In tal senso sottolineavano che la stessa ordinanza – ingiunzione dava atto della circostanza che l’abitazione A era stata interamente ultimata, mancando unicamente i radiatori e il rivestimento del vano scale. Per quanto concerne l’abitazione B, l’ordinanza attestava l’intervenuto cambio di destinazione d’uso del locale autorimessa in residenziale; parte del locale era stato accorpato all’abitazione A, mentre per il resto la struttura risultava realizzata a grezzo.
Secondo gli originari ricorrenti, la mera descrizione dello stato delle opere rappresentava dunque la conferma che la trasformazione edilizia, alla data di presentazione delle istanze di condono, era stata interamente attuata.
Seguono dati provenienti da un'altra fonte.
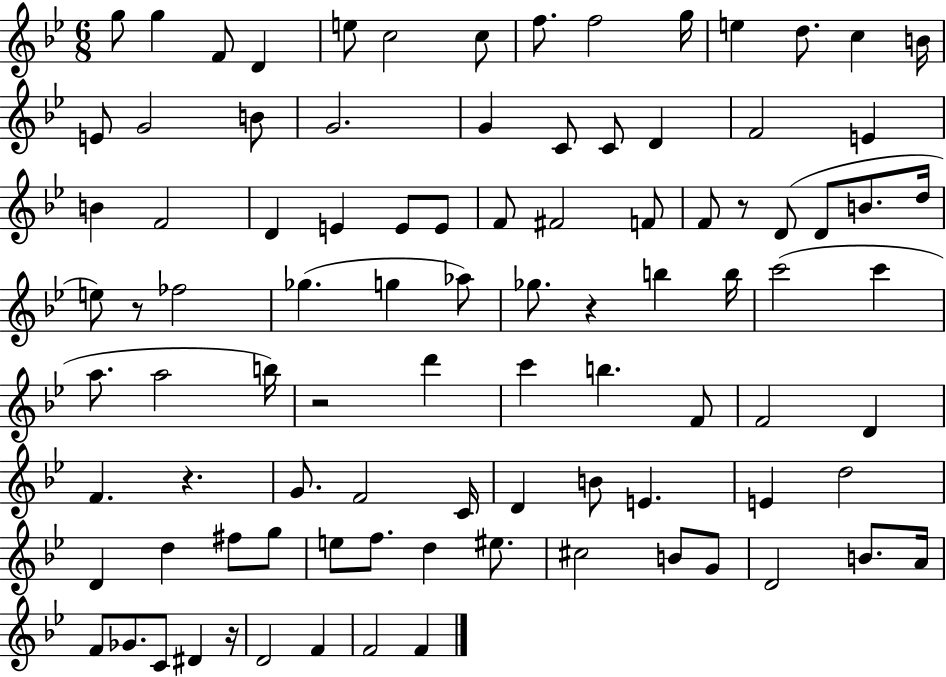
{
  \clef treble
  \numericTimeSignature
  \time 6/8
  \key bes \major
  g''8 g''4 f'8 d'4 | e''8 c''2 c''8 | f''8. f''2 g''16 | e''4 d''8. c''4 b'16 | \break e'8 g'2 b'8 | g'2. | g'4 c'8 c'8 d'4 | f'2 e'4 | \break b'4 f'2 | d'4 e'4 e'8 e'8 | f'8 fis'2 f'8 | f'8 r8 d'8( d'8 b'8. d''16 | \break e''8) r8 fes''2 | ges''4.( g''4 aes''8) | ges''8. r4 b''4 b''16 | c'''2( c'''4 | \break a''8. a''2 b''16) | r2 d'''4 | c'''4 b''4. f'8 | f'2 d'4 | \break f'4. r4. | g'8. f'2 c'16 | d'4 b'8 e'4. | e'4 d''2 | \break d'4 d''4 fis''8 g''8 | e''8 f''8. d''4 eis''8. | cis''2 b'8 g'8 | d'2 b'8. a'16 | \break f'8 ges'8. c'8 dis'4 r16 | d'2 f'4 | f'2 f'4 | \bar "|."
}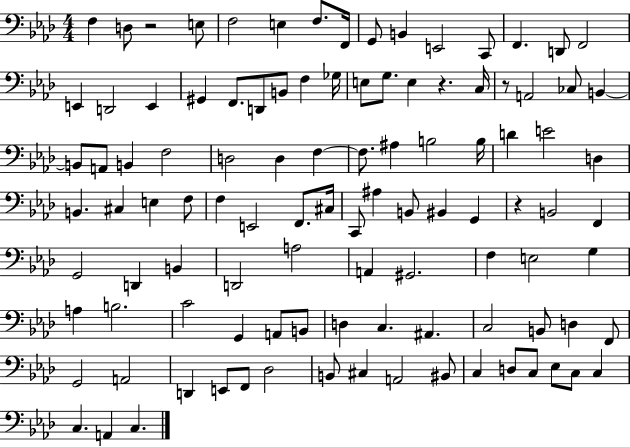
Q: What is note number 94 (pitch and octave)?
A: D3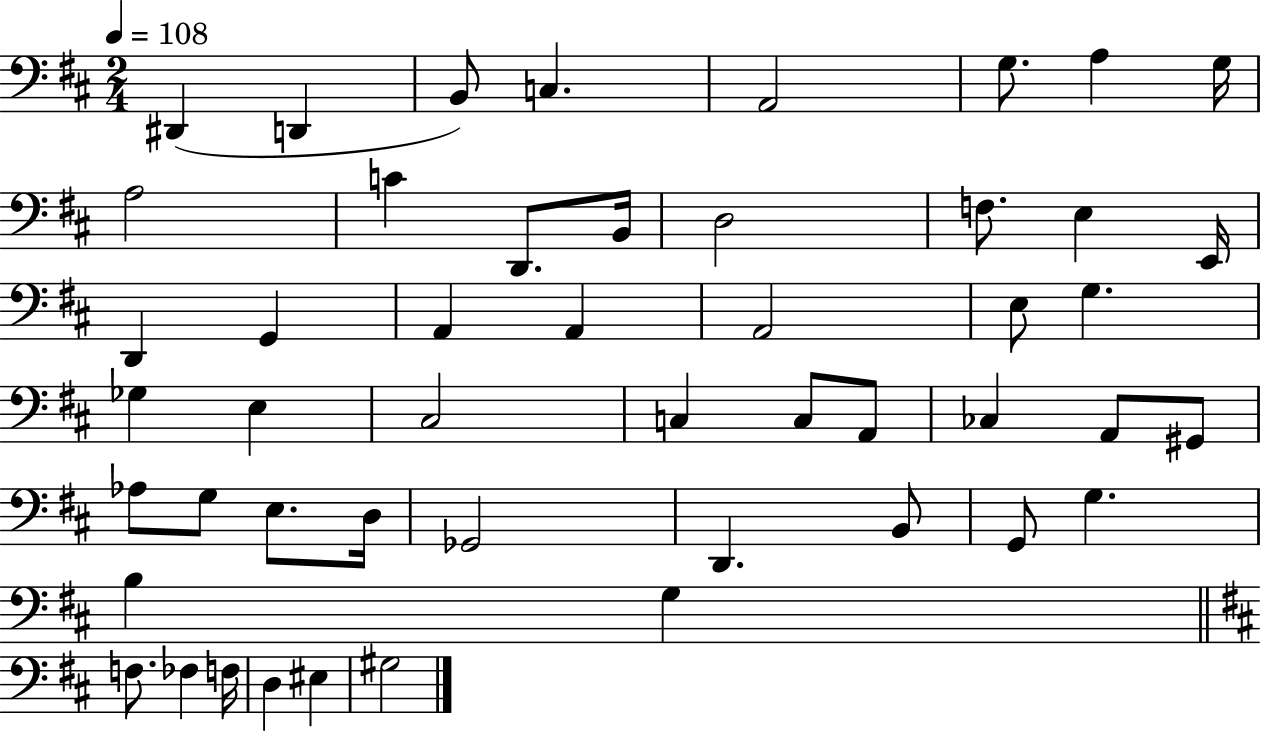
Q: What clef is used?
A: bass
I ricorrenti deducevano altresì che non era stata effettuata la comunicazione di avvio del procedimento e che comunque il Comune non aveva verificato la possibilità di infliggere una sanzione pecuniaria in luogo della demolizione.
Alla camera di consiglio fissata per la discussione della sospensiva il TAR Lazio emetteva una sentenza in forma semplificata, con la quale rigettava sia i motivi di impugnazione fondati sull’avvenuta formazione del silenzio – assenso (che era impedito dalla mancata tempestiva allegazione di tutta la necessaria documentazione), sia quelli di ordine procedurale riferiti alla motivazione dei provvedimenti e alla comunicazione di avvio del provvedimento di demolizione, trattandosi di adempimenti a carattere vincolato in caso di abuso edilizio.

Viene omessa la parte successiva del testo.